Nestes últimos dias, incluindo o fim de semana, Bolsonaro voltou a soltar a língua, principalmente contra a imprensa. A um repórter que fez o que ganha para fazer, pergunta, ele respondeu com um “seu safado” e a confissão de que estava com vontade de encher-lhe “a boca na porrada”. A questão tabu, que causou tanta irritação, devia esconder algo de grave: “Presidente, por que sua esposa, Michelle, recebeu depósitos de R$ 89 mil de Queiroz?” (Fabrício Queiroz, como se sabe, é aquele policial ex-assessor do senador Flávio Bolsonaro, que é investigado pela prática de “rachadinha”, o esquema que consiste em repassar parte do salário ao parlamentar.)

Assim que souberam da reação agressiva do presidente, entidades, associações de classe, personalidades, o presidente da Câmara, Rodrigo Maia, e a imprensa internacional criticaram o gesto, além de mais de um milhão de internautas, que compartilharam a pergunta sobre Michelle, ou melhor, Micheque, nas redes sociais.

Noutra ocasião, falando de como se livrou da Covid-19, ele tripudiou dos meus colegas: “Quando pega num bundão de vocês, a chance de sobreviver é muito menor. Só sabe fazer maldade, usar a caneta com maldade”. (Alguém precisa lhe dizer que repórter não usa mais caneta, só celular.)

Mas não é só como atleta que o capitão é fogo. “Na política, sou imbrochável (ele acha que é pra sempre). Aliás, não é só na política não, porque eu tenho uma filha de 9 anos de idade que foi feita sem aditivo.” (Pelo jeito, fazer filho sem aditivo é proeza rara.)
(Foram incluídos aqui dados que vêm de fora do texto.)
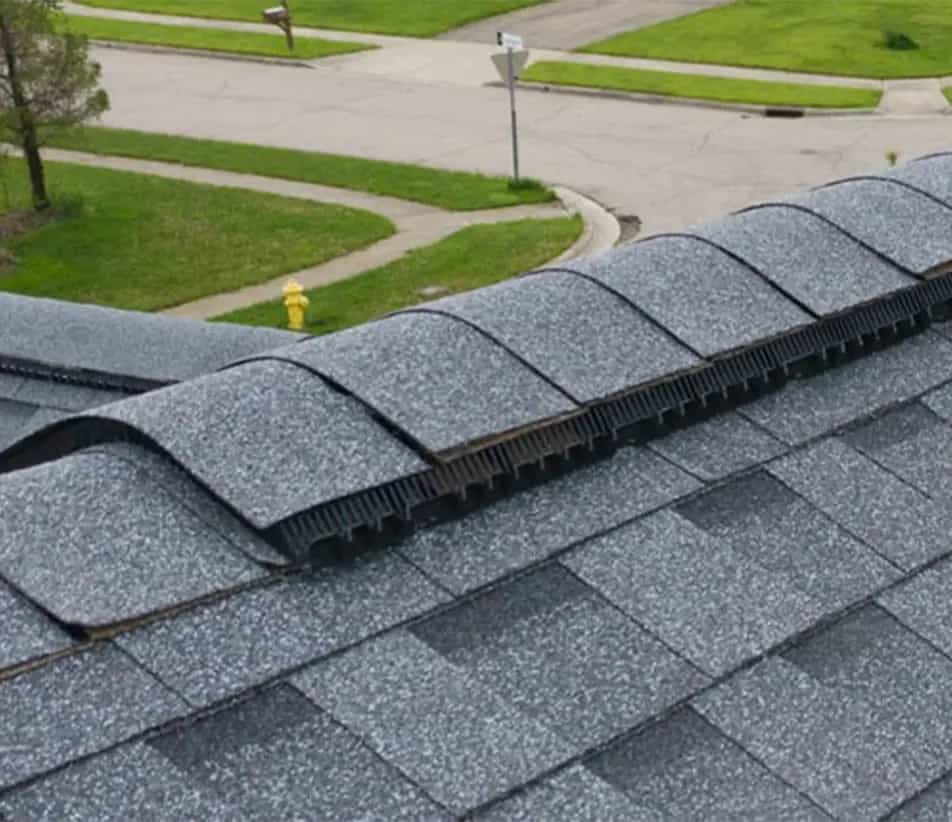 Ridge Vents - Attic Ventilation in Michigan ridge ventilation at the peak of a roof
Pena que não houve tempo de contar o episódio de 1995, quando dois jovens de classe média o assaltaram, levando a motocicleta e a pistola Glock calibre 380 que carregava debaixo da jaqueta. “Mesmo armado, me senti indefeso”, ele admitiu. Naquela famosa reunião do dia 22 de abril, quando disse que queria armar todo mundo, achei que alguém iria lembrar o roubo: “O que adianta, se eles levam a arma?”.

Ah, sim, ia me esquecendo: Por que mesmo, presidente, Michelle recebeu depósitos de R$ 89 mil de Queiroz?